Research project
LONG FALLOWS Project (Lengthening Of swidden Natural-forest re-Growth cycles through Farmer Action, Learning and Leadership Opportunities for Well-being and Social-inclusion)
- Start date: 1 March 2024
- End date: 31 December 2027
- Value: Total Grant £499,724. Leeds component £85,381
- Partners and collaborators: Lead: Tanzania Forest Conservation Group Collaborators: Tanzania Forestry Research Institute Tanzania Agricultural Research Institute Sokoine University of Agriculture MJUMITA – the Tanzania Community Forestry Network Nachingwea District Council
- Primary investigator: 01047392
- Co-investigators: Dr Susannah M. Sallu, Professor Dominick Spracklen
- External co-investigators: Nuru Nguya, Tanzania Forest Conservation Group Dr Amani Uisso, Tanzania Forestry Research Institute Dr Numan Amanzi, Tanzania Forestry Research Institute Professor Wison Mugasha, Sokoine University of Agriculture Dr Andrew Kabanza, Tanzania Agricultural Research Institute Abdallah Makale, Tanzania Agricultural Research Institute
Long-fallow swidden agriculture and agroforestry underpin millions of farmers’ livelihoods and provide climate, biodiversity and soil ecosystem services in agricultural landscapes. There is a global decline in long-fallow swidden agriculture, contributing to environmental degradation and increased livelihood vulnerability. Taking a research-to-action approach, the project will work with farmers in degraded Tanzanian landscapes to generate evidence and develop innovative technical approaches that integrate sustainable forest management with long-fallow swidden agriculture and agroforestry.

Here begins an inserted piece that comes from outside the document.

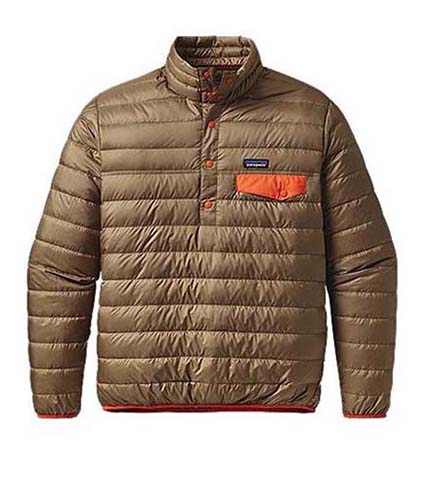 Patagonia Jackets Fall Winter 2016 2017 For Men 22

Through socially inclusive farmer-led research-to-action, institutional capacity-building and ecosystem-services business development, project learning will deliver more sustainable land management options relevant to millions of small-scale farmers.
Funded by – UK Foreign and Commonwealth Development Office through the REDAA programme https://www.redaa.org/
Impact
Goal: To enable people, nature and climate to thrive from the restoration of degraded East African Coastal forests through improved governance, capacity and knowledge.
Expected outcomes
People
- Enhanced climate change resilience for 7,500 women, men and youth in project villages through improved access to forest ecosystem services and products, and to climate finance;
- Reduced livelihood threats from local climate impacts of deforestation benefiting >100,000 Nachingwea District residents;
- Increased knowledge and capacity of 25 staff in the Ministry for Local Government (PORALG) and 168 village-leaders on scaling-up integrated CBFM-swidden in ways that enhance livelihood resilience, reduce conflict and promote GESI with relevance across Tanzania.
Nature
- Nature-positive forest and land-management modelled across 45,000ha of intact and degraded woodland and 5,000ha of agricultural land.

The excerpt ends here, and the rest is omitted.